Collected data
—————
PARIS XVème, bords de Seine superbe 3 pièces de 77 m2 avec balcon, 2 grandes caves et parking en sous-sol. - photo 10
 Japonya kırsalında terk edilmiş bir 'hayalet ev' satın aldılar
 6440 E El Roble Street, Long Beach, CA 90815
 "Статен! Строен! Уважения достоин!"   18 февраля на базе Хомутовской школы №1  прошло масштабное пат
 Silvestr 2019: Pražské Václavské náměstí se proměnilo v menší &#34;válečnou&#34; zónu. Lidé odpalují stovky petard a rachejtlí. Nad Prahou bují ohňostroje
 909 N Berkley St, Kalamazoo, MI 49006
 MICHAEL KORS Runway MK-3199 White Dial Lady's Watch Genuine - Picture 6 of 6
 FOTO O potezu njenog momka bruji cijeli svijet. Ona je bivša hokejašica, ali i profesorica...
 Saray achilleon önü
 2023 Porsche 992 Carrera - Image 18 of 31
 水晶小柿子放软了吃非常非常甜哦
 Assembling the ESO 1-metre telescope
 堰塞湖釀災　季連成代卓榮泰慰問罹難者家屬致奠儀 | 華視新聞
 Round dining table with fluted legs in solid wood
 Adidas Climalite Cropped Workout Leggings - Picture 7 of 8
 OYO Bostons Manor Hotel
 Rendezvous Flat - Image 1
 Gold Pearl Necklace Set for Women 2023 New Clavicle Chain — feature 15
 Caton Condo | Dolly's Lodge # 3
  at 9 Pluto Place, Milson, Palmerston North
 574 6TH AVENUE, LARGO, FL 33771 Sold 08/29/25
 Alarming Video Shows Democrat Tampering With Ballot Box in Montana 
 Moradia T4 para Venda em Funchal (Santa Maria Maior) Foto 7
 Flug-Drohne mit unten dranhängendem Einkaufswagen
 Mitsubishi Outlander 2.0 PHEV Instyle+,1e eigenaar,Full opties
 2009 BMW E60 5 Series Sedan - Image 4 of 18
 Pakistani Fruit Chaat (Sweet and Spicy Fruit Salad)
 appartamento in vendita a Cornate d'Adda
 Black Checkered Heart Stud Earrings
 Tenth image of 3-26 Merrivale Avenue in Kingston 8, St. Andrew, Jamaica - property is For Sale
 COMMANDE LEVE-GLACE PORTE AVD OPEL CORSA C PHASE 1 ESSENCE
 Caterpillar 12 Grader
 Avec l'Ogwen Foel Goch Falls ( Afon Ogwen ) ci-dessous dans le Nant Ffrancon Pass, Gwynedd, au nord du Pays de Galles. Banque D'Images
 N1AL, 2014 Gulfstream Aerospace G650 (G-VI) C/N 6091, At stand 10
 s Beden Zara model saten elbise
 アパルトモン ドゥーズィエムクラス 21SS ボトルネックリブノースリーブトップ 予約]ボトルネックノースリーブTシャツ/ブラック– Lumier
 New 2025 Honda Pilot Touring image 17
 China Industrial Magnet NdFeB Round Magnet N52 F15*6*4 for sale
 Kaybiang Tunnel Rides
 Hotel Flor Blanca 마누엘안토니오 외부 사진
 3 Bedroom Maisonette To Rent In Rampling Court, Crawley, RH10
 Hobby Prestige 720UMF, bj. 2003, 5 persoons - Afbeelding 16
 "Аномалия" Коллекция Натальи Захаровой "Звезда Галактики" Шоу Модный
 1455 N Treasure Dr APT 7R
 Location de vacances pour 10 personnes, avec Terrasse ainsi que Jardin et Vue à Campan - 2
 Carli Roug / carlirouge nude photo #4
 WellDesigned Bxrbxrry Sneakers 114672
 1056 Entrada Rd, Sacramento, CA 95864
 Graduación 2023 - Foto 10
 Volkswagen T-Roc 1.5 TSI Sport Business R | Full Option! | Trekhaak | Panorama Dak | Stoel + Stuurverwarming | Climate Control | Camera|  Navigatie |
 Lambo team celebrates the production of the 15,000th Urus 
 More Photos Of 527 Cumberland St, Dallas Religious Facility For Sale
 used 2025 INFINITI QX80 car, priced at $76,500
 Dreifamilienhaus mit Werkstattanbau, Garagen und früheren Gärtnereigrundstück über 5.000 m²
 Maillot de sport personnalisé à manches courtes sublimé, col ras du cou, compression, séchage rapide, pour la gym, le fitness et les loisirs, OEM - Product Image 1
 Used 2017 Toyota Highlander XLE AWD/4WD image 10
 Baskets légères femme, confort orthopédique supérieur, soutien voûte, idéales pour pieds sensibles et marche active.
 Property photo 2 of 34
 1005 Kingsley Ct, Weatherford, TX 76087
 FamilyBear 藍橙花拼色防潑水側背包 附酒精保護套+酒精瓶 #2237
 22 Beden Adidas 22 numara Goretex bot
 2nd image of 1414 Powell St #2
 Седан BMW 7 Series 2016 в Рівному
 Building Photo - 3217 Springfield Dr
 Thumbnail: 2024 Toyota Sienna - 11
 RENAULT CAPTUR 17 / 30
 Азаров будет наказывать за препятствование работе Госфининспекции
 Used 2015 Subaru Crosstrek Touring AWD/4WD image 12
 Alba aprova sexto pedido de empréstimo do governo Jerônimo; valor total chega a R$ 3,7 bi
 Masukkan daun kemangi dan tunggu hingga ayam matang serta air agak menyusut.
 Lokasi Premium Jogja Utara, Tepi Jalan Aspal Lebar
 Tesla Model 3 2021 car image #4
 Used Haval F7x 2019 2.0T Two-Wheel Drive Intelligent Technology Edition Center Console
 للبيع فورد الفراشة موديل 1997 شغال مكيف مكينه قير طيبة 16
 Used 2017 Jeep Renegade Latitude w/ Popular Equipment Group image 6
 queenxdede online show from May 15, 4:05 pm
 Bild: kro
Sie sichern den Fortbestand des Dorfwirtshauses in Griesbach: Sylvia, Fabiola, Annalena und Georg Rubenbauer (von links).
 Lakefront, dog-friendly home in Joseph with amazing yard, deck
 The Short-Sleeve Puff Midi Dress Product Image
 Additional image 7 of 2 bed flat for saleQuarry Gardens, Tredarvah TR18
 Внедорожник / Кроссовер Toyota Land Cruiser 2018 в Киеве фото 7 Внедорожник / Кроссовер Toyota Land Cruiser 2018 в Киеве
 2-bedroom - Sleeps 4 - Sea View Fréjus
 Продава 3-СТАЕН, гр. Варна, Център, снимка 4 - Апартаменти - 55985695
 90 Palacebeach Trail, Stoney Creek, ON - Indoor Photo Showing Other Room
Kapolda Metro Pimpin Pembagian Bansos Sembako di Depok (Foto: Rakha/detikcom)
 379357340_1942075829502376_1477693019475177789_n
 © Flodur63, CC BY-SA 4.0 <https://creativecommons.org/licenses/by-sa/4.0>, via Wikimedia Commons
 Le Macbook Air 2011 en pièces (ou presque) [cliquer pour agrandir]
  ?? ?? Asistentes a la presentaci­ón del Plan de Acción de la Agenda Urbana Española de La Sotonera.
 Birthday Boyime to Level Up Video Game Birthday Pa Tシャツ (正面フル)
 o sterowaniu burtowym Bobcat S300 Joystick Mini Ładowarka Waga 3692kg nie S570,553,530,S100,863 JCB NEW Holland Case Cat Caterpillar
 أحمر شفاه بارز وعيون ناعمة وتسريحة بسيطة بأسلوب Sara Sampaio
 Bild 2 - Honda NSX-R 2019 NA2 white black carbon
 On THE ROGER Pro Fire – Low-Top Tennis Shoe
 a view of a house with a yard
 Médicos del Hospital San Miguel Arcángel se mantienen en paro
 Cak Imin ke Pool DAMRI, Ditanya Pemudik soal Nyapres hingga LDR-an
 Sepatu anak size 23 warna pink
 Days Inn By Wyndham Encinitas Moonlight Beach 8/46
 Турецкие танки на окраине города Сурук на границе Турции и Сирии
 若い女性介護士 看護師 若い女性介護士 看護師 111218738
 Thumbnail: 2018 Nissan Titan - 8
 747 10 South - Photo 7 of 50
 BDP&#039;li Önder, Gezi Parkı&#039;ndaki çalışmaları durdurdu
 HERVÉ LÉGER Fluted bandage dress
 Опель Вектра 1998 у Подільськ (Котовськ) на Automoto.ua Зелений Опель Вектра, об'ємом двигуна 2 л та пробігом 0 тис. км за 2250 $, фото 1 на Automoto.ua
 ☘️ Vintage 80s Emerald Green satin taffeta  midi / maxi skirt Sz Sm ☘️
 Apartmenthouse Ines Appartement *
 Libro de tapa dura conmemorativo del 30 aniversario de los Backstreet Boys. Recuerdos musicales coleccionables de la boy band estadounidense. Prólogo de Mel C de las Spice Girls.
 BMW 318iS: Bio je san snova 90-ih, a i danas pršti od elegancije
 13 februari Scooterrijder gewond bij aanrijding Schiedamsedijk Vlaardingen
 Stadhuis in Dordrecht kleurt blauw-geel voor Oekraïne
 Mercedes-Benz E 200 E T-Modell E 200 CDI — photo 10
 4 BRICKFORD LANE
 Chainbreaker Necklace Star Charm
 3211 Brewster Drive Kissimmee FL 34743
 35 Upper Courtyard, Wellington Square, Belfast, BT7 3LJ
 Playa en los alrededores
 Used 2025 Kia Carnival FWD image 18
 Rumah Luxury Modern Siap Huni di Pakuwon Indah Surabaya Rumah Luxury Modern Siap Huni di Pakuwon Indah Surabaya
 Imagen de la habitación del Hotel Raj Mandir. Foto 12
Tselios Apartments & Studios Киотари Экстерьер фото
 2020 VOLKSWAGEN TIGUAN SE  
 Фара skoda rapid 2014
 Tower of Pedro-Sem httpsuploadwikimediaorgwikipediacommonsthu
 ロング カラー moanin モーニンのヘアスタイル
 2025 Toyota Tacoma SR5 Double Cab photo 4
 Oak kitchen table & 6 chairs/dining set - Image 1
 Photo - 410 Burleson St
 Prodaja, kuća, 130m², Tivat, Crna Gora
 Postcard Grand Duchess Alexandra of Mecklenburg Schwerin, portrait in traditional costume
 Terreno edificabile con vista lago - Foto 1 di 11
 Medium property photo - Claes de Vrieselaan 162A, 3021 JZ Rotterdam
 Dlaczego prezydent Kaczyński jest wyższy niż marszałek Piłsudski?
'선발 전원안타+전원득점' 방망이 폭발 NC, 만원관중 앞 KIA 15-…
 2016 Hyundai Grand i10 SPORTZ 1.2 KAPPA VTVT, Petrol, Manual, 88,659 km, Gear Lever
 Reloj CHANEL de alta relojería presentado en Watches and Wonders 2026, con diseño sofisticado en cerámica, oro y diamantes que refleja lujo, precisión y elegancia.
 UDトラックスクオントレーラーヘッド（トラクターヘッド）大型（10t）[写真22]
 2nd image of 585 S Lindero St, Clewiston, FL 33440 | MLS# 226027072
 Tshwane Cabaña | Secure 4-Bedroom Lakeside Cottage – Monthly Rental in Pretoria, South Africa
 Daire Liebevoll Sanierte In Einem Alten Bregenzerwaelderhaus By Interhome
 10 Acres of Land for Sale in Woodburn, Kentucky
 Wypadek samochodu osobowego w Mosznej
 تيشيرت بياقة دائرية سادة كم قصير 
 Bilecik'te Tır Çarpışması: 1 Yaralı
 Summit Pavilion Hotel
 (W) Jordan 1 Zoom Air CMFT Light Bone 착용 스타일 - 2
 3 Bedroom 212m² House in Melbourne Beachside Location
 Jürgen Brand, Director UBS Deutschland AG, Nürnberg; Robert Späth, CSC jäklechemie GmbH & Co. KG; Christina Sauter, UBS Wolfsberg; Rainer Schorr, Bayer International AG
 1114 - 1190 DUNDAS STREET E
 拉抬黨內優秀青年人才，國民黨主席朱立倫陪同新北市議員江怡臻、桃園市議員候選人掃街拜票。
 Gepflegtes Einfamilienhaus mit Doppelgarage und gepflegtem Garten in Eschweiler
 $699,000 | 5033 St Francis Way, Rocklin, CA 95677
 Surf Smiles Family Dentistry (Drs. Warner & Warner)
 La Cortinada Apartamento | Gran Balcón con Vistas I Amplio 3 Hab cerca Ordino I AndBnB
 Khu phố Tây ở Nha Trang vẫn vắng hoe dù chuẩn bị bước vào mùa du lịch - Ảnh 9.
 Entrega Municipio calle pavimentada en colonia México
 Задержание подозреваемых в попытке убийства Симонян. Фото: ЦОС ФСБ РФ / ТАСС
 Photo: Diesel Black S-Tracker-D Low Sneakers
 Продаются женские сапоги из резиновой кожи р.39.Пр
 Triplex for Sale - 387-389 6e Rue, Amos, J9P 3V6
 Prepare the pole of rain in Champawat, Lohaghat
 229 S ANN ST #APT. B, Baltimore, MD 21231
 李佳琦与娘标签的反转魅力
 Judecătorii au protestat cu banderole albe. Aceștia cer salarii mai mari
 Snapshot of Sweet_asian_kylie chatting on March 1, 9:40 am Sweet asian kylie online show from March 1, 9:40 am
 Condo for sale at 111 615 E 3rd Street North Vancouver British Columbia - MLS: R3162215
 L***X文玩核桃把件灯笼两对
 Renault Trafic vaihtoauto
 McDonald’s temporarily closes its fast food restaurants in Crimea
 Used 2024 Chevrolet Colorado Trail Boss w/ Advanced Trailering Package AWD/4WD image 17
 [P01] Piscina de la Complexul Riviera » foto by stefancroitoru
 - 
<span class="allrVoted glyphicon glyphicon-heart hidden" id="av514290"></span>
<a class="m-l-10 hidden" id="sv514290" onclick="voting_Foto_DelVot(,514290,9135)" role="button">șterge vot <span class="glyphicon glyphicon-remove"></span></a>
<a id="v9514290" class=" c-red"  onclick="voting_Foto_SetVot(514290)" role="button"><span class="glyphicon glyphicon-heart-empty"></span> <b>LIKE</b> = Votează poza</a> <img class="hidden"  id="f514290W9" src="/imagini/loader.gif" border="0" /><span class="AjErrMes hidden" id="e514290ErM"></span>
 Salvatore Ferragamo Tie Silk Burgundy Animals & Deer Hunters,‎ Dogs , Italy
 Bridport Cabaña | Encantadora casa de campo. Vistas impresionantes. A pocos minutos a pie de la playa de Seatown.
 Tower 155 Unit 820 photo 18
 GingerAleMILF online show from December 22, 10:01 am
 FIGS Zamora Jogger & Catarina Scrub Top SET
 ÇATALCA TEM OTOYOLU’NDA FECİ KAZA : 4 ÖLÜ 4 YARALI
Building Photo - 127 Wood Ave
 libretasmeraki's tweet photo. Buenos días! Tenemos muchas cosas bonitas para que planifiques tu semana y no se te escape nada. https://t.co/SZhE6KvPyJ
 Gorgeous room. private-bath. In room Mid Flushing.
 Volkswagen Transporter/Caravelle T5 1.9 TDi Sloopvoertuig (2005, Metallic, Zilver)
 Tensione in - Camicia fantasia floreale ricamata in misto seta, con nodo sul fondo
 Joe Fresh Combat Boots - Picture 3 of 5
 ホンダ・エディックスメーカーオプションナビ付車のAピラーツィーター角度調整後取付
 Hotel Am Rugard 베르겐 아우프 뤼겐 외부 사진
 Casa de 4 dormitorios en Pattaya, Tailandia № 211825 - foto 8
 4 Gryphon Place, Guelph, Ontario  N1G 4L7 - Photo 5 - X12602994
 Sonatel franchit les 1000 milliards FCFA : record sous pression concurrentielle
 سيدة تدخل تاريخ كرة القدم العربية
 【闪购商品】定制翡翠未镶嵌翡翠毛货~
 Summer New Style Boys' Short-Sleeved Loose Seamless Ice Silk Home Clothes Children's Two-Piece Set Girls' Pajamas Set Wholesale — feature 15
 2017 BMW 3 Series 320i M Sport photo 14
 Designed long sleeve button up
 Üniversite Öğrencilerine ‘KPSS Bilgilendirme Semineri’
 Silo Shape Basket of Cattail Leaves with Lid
—————
WHAT YOU ARE ASKED TO DO: Please copy exactly the lines from the first line of the records above through the line containing "Caterpillar 12 Grader", including both, and nothing more.

SOLUTION FOR THIS EXERCISE:
PARIS XVème, bords de Seine superbe 3 pièces de 77 m2 avec balcon, 2 grandes caves et parking en sous-sol. - photo 10
 Japonya kırsalında terk edilmiş bir 'hayalet ev' satın aldılar
 6440 E El Roble Street, Long Beach, CA 90815
 "Статен! Строен! Уважения достоин!"   18 февраля на базе Хомутовской школы №1  прошло масштабное пат
 Silvestr 2019: Pražské Václavské náměstí se proměnilo v menší &#34;válečnou&#34; zónu. Lidé odpalují stovky petard a rachejtlí. Nad Prahou bují ohňostroje
 909 N Berkley St, Kalamazoo, MI 49006
 MICHAEL KORS Runway MK-3199 White Dial Lady's Watch Genuine - Picture 6 of 6
 FOTO O potezu njenog momka bruji cijeli svijet. Ona je bivša hokejašica, ali i profesorica...
 Saray achilleon önü
 2023 Porsche 992 Carrera - Image 18 of 31
 水晶小柿子放软了吃非常非常甜哦
 Assembling the ESO 1-metre telescope
 堰塞湖釀災　季連成代卓榮泰慰問罹難者家屬致奠儀 | 華視新聞
 Round dining table with fluted legs in solid wood
 Adidas Climalite Cropped Workout Leggings - Picture 7 of 8
 OYO Bostons Manor Hotel
 Rendezvous Flat - Image 1
 Gold Pearl Necklace Set for Women 2023 New Clavicle Chain — feature 15
 Caton Condo | Dolly's Lodge # 3
  at 9 Pluto Place, Milson, Palmerston North
 574 6TH AVENUE, LARGO, FL 33771 Sold 08/29/25
 Alarming Video Shows Democrat Tampering With Ballot Box in Montana 
 Moradia T4 para Venda em Funchal (Santa Maria Maior) Foto 7
 Flug-Drohne mit unten dranhängendem Einkaufswagen
 Mitsubishi Outlander 2.0 PHEV Instyle+,1e eigenaar,Full opties
 2009 BMW E60 5 Series Sedan - Image 4 of 18
 Pakistani Fruit Chaat (Sweet and Spicy Fruit Salad)
 appartamento in vendita a Cornate d'Adda
 Black Checkered Heart Stud Earrings
 Tenth image of 3-26 Merrivale Avenue in Kingston 8, St. Andrew, Jamaica - property is For Sale
 COMMANDE LEVE-GLACE PORTE AVD OPEL CORSA C PHASE 1 ESSENCE
 Caterpillar 12 Grader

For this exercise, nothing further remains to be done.